In the paper of Lemke Oliver and Soundararajan, the asymptotic (2) (smoothed out as discussed above) is obtained from standard complex methods, based on an analysis of the Dirichlet series

\displaystyle  \sum_h \frac{f_3(h)}{h^s} = \prod_{p>3} (1 + \frac{p-1}{p-2} \frac{1}{p^s}).

As it turns out, this Dirichlet series has poles at both {s=1} and {s=0} (it contains a factor of {\zeta(s) \zeta(1+s)}), contributing to the {c_1 H} and {-c_2 \log H} terms respectively. One can also establish (2) (with smoothing) using elementary number theory methods (as in this previous post); we sketch the argument as follows.

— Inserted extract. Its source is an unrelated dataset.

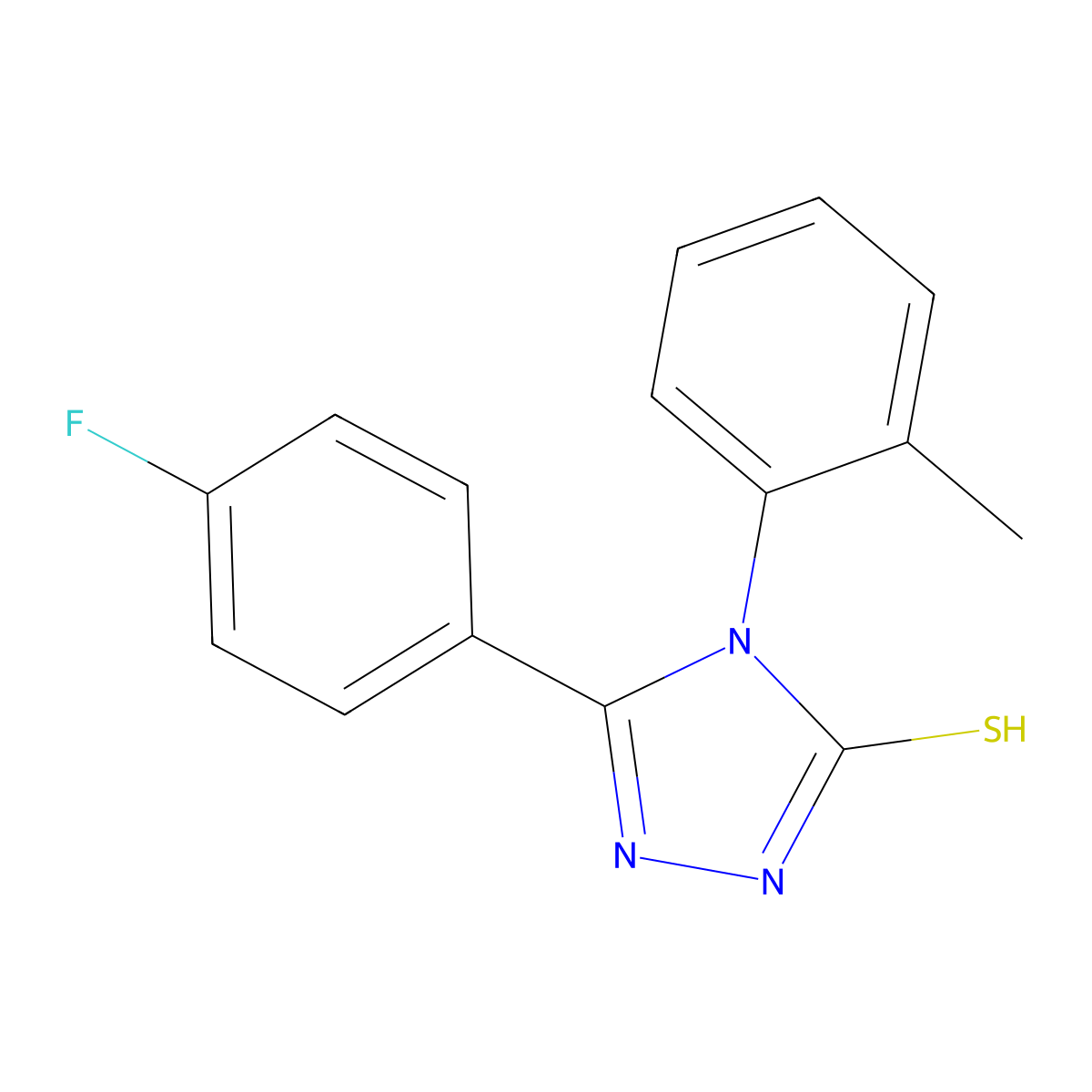 5-(4-fluorophenyl)-4-(2-methylphenyl)-4H-1,2,4-triazole-3-thiol molecular structure, CAS 379726-83-7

We can factor {f_3} as a Dirichlet convolution

\displaystyle  f_3(h) = \sum_{d|h} g(d)

where {g(d)} vanishes unless {d} is the product of distinct primes greater than or equal to {3}, in which case

\displaystyle  g(d) = \prod_{p|d} \frac{1}{p-2}

(with the convention {g(1)=1}). Then we have

\displaystyle  \sum_{h \leq H} f_3(h) = \sum_{d \leq H} g(d) \sum_{m \leq H/d} 1.

Morally speaking, {\sum_{m \leq H/d} 1} behaves like {\frac{H}{d} - \frac{1}{2}}; we can use pseudorandomness heuristics to argue that the fluctuation around this main term give a lower order contribution (and one can argue this rigorously when using smoother weights like {e^{-h/H}}). The term {-1/2} can be interpreted as {\zeta(0)=1+1+\dots}, as per this previous post. Assuming this approximation, we obtain the approximation

\displaystyle  \sum_{h \leq H} f_3(h) \approx H \sum_{d \leq H} \frac{g(d)}{d} - \frac{1}{2} \sum_{d \leq H} g(d).

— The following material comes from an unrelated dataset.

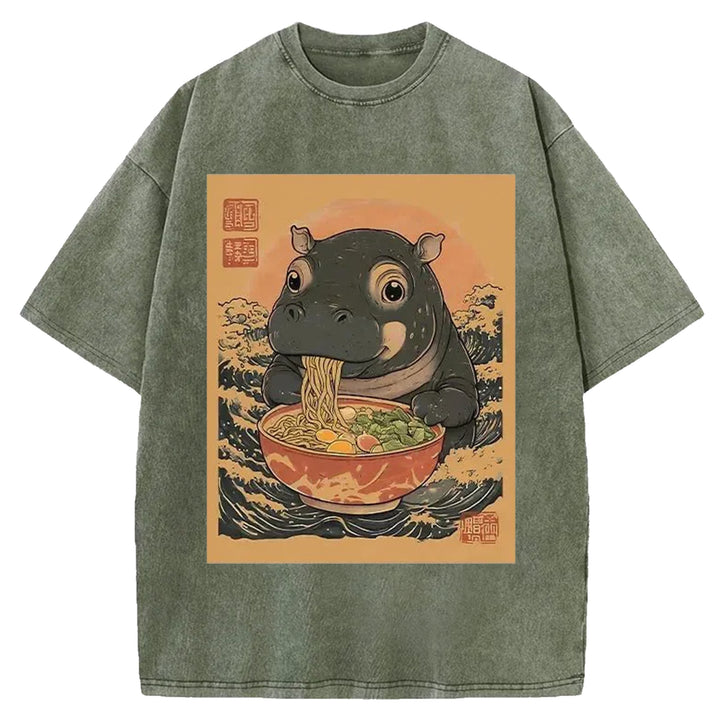 Hippo Eats Ramen Washed Crew Neck T-shirt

The sequence {g(d)} behaves somewhat like {1/d}. As such, one expects (and can calculate) {\sum_{d \leq H} \frac{g(d)}{d}} to have an asymptotic of the form {c_1 + O(1/H)}, while {\sum_{d \leq H} g(d)} has an asymptotic of the form {2 c_2 \log H + O(1)} for some explicit constants {c_1,c_2>0}, which gives (2).

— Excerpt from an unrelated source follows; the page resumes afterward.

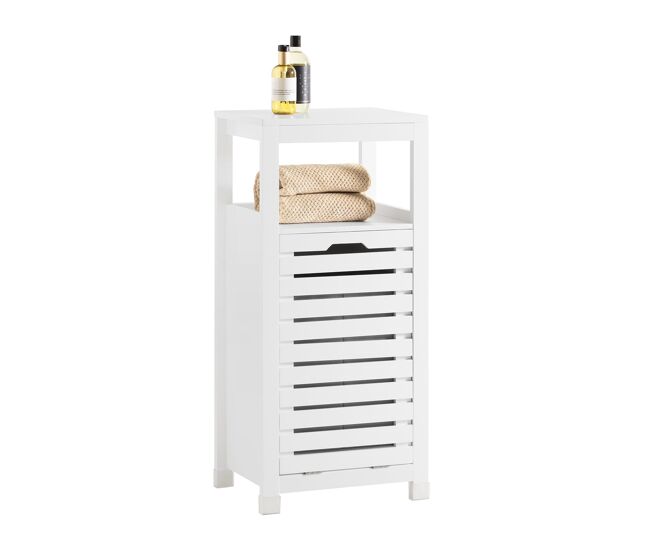 Sobuy canasto para la colada mueble de baño con cesto para ropa sucia amario para baño blanco 42 x 30 x 90 cm bzr67-w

Remark 1 One way of thinking about (2) is that the function {f_3(h)} behaves on the average like {c_1 - \frac{c_2}{h}}. The bulk of the bias effect is then coming from small values {h=o(\log x)} of {h}, that is from prime gaps that are significantly smaller than average; one should not see the bias effect if one restricts to prime gaps of the typical size of {\asymp \log x}. This is consistent with the general philosophy that one does not expect to see “long-range” correlations between the primes.